== Work request ==
Transcribe the lines below exactly. No image belongs in the transcription.

== The data ==

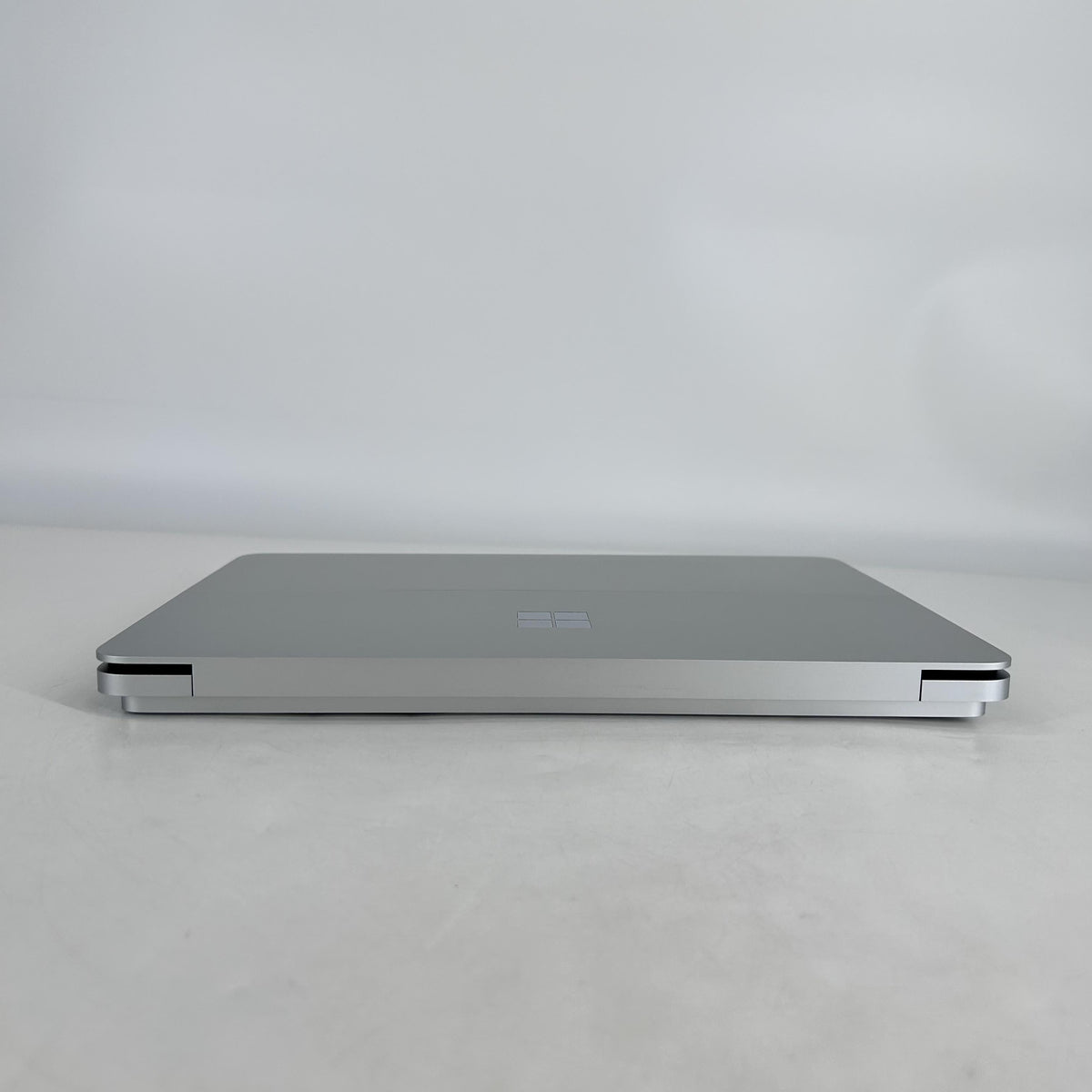 Microsoft Surface Laptop Studio 2 14.4 Silver 2.9 GHz Intel Core i7 13th Gen. 64GB RAM 2TB Solid State Drive NVIDIA GeForce RTX 4060 8 GB
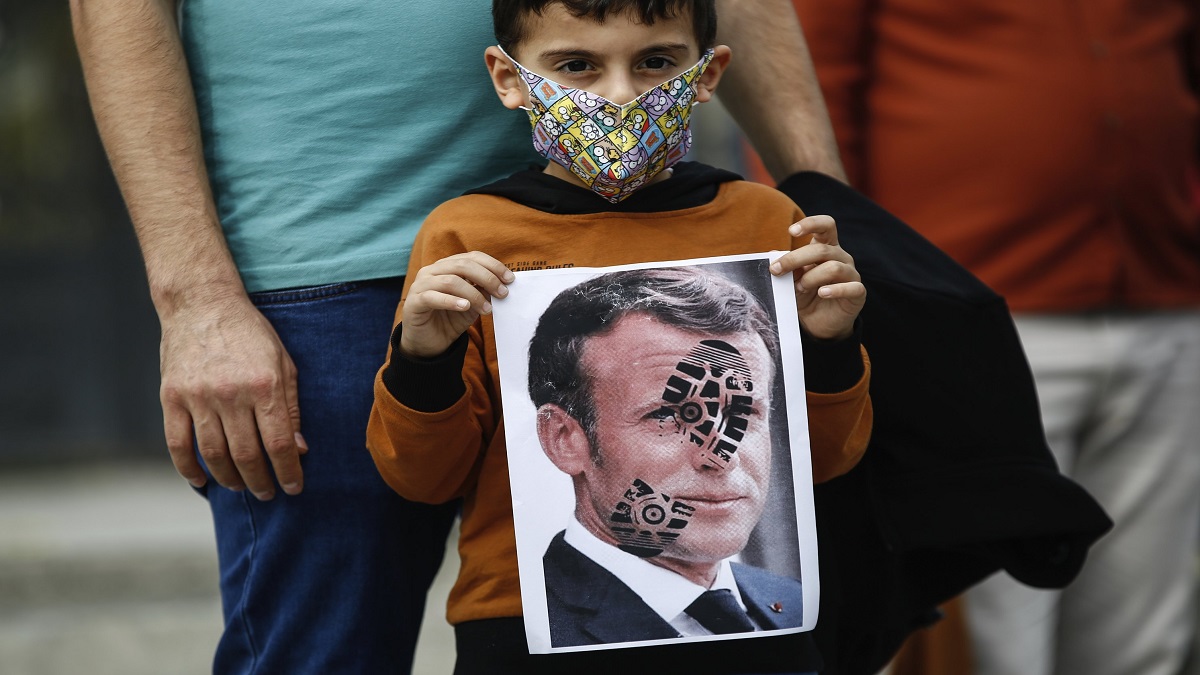 ক্ষমতাবলে বিতর্কিত আইন পাস, অনাস্থা প্রস্তাবের মুখোমুখি ম্যাকরন সরকার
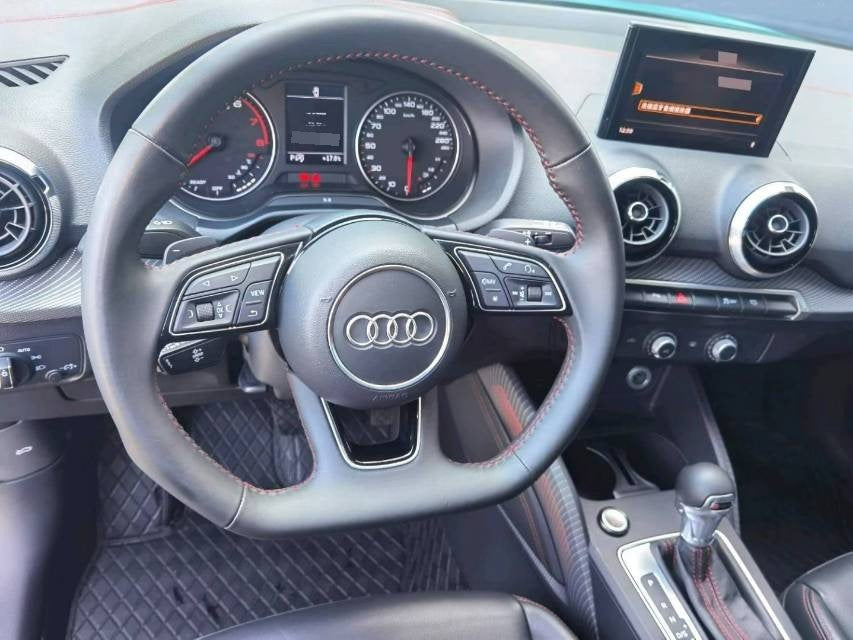 أودي 2022 Q2L 1.4TFSI 35TFSI نوع تلقائي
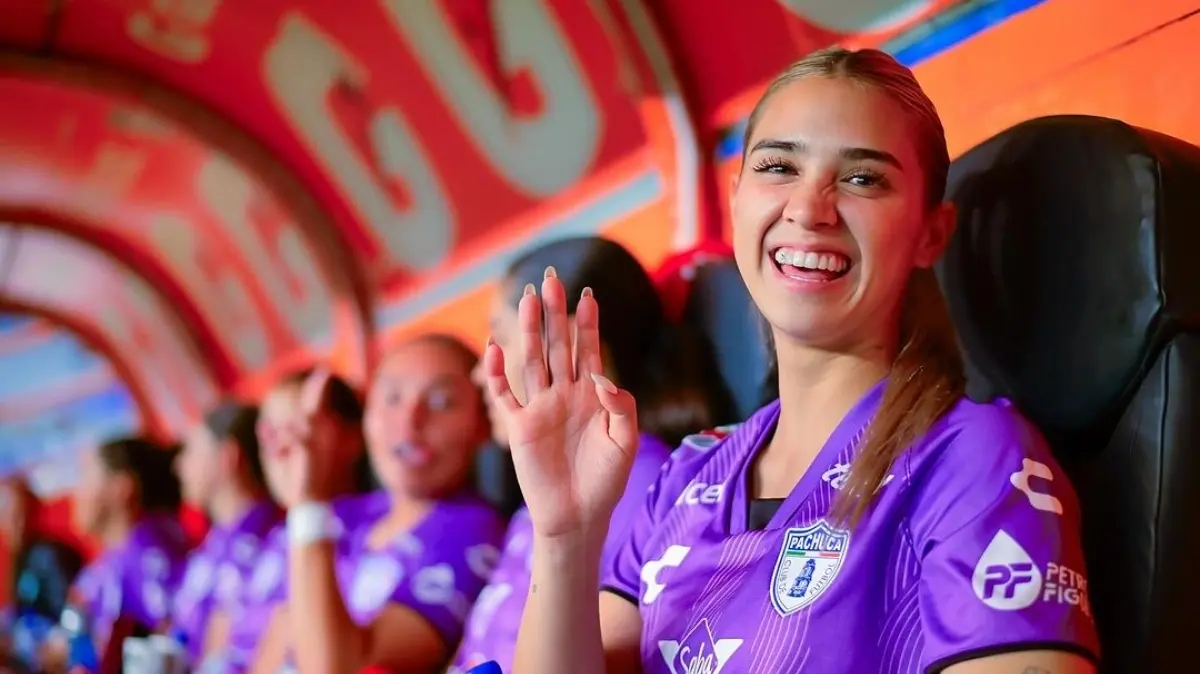 La futbolista mexicana actualmente representa a las 'Tuzas' del Pachuca, equipo con el que tiene contrato hasta 2025.
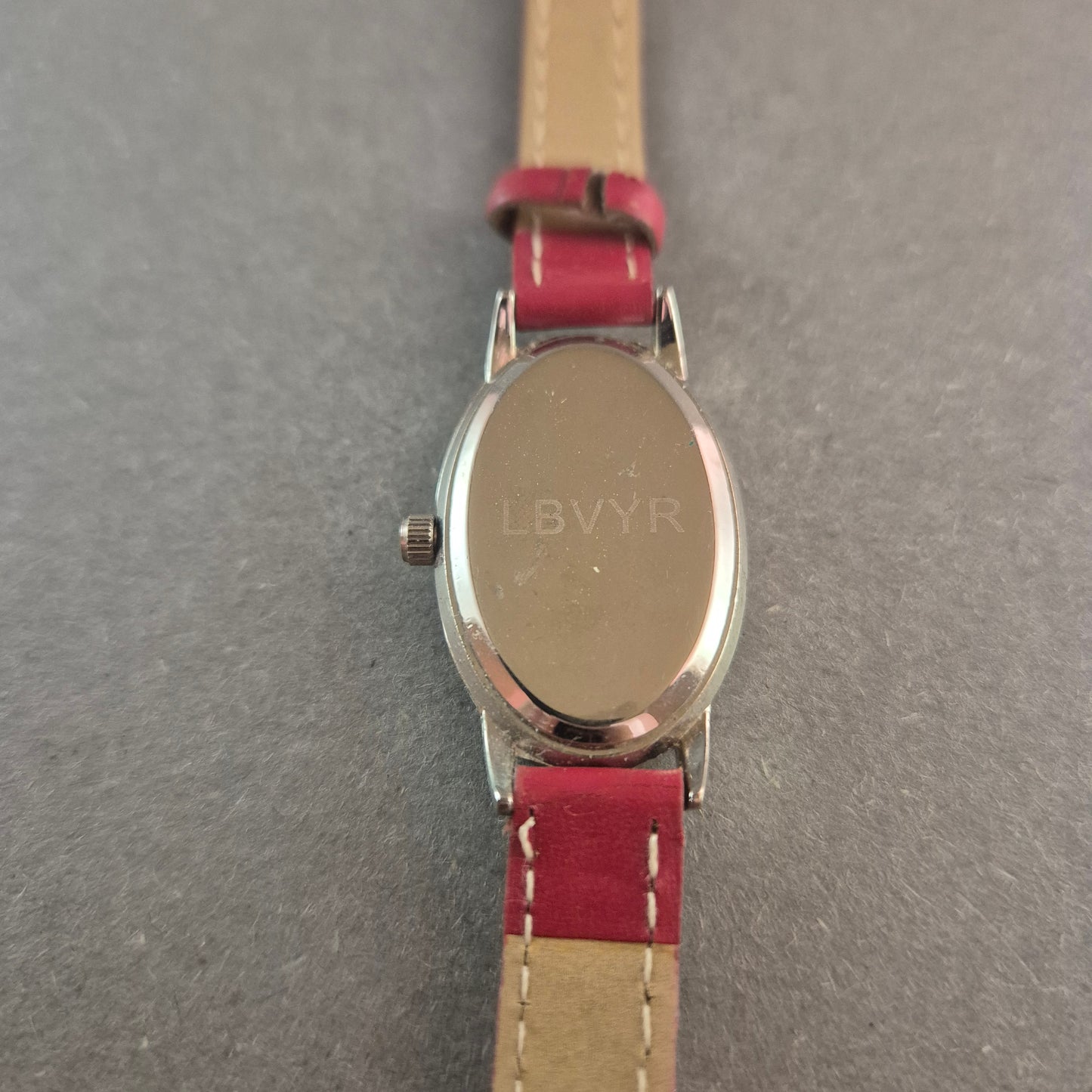 Daniel Hechter Damenuhr – Elegantes Design mit rotem Lederarmband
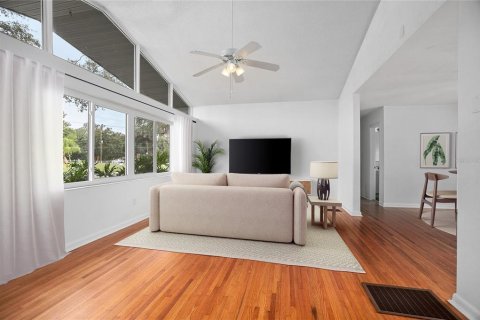 House in DeLand, Florida 3 bedrooms, 149.76 sq.m. № 1742684 - photo 6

== Completed exercise ==
 Microsoft Surface Laptop Studio 2 14.4 Silver 2.9 GHz Intel Core i7 13th Gen. 64GB RAM 2TB Solid State Drive NVIDIA GeForce RTX 4060 8 GB
 ক্ষমতাবলে বিতর্কিত আইন পাস, অনাস্থা প্রস্তাবের মুখোমুখি ম্যাকরন সরকার
 أودي 2022 Q2L 1.4TFSI 35TFSI نوع تلقائي
 La futbolista mexicana actualmente representa a las 'Tuzas' del Pachuca, equipo con el que tiene contrato hasta 2025.
 Daniel Hechter Damenuhr – Elegantes Design mit rotem Lederarmband
 House in DeLand, Florida 3 bedrooms, 149.76 sq.m. № 1742684 - photo 6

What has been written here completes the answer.